Dialog itu sejatinya sering kudengar di dalam film dan sinetron. Namun saat kualami secara langsung, saat itu dikatakan oleh Ayah, aku seketika merasa lemah lunglai. Kupeluk Ayah. Kurasakan betapa jiwanya telah menyatu dengan jiwaku. Dia selalu membuatku merasa semakin real. Semakin hidup. Semakin dimanusiakan.

Untukmu, menantu Ayahku di masa depan...
Dari kalanganmu, tentu ada wanita yang lebih layak dibanding aku.
Dan begitupun dirimu, telah ada yang lebih awal datang sebelummu.
Namun Allah mengatur kisah kita begini adanya.

Aku tidak tahu siapa dirimu. Entah seorang yang sudah pernah kukenal sebelumnya, atau seseorang yang saat kutulis ini- kita sama sekali belum pernah bertemu. Bagaimana jalan Allah mengenalkan kita, aku tidak tahu. Tapi yang pasti, aku persiapkan diriku agar menjadi orang yang membantu IBUNDAMU TERCINTA untuk membahagiakanmu di dunia dan akhirat.
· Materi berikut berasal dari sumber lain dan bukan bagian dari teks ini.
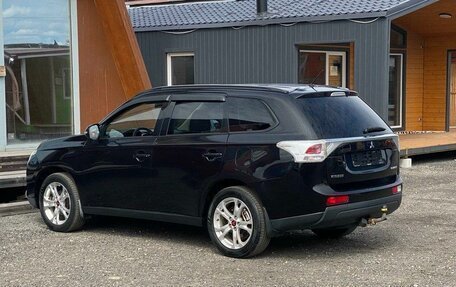 Mitsubishi Outlander III рестайлинг 3, 2012 год, 1 055 000 рублей, 6 фотография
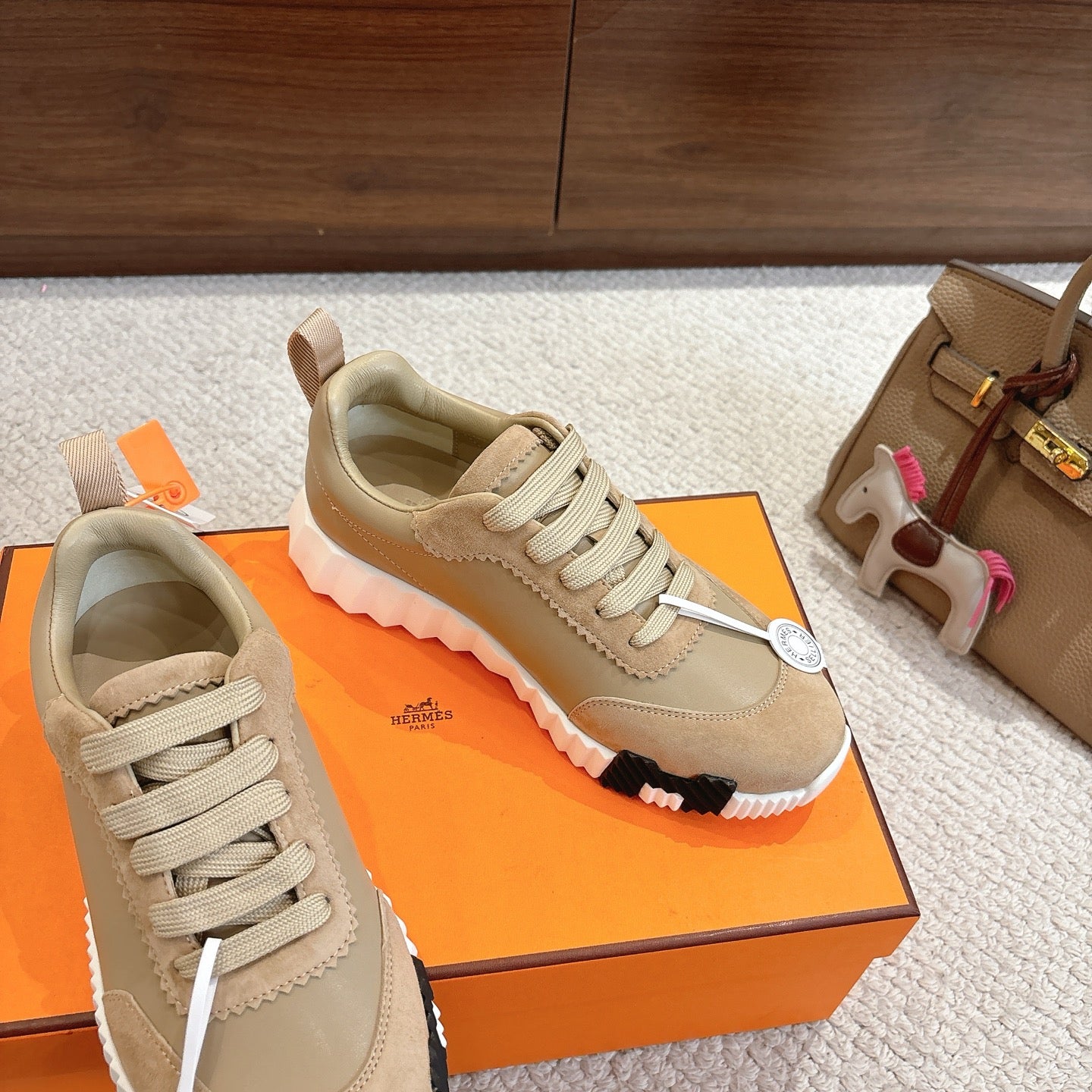 Luxury Shoes Hermes Unisex
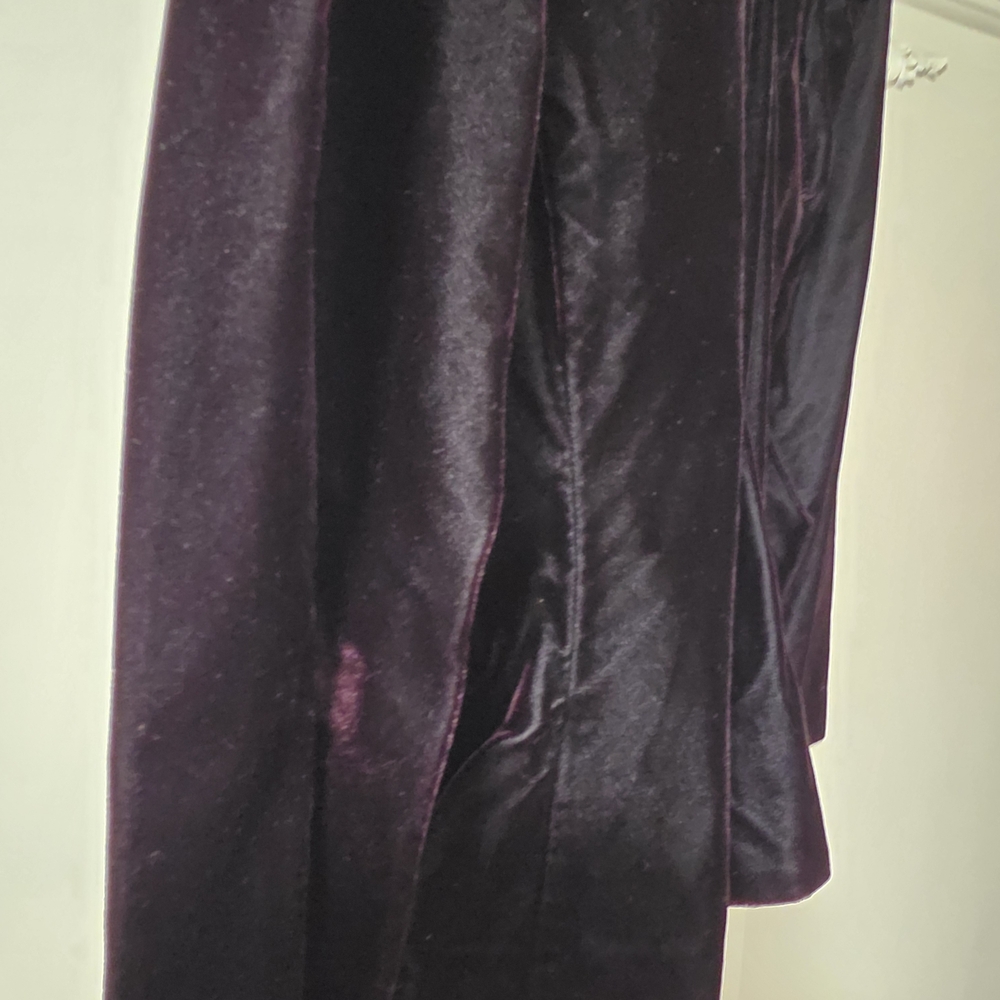 Women's Black Velvet Jacket with Lace Trim - Picture 5 of 6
Barangkali di bumi kita belum diperjumpakan Allah, tapi kita bisa berjumpa di langit terlebih dahulu. Kita naikkan do'a- do'a panjang. Biarkan ia menembusi meteor, menembusi langit, terus meroket tanpa peduli apakah di atas sana ada gravitasi atau tidak, do'a kita tetap saja bertemu di pintu Allah.

Sampai jumpa di langit, Sayyid.
Semoga Allah melindungimu. Mengampuni dosa-dosamu. Merahmati kehidupanmu.
Ditajamkan bathinmu. Ditambah pengetahuanmu. Semoga ridha Tuhanku, ridhamu dan ridha Ibumu berada padaku. Insyaa Allah.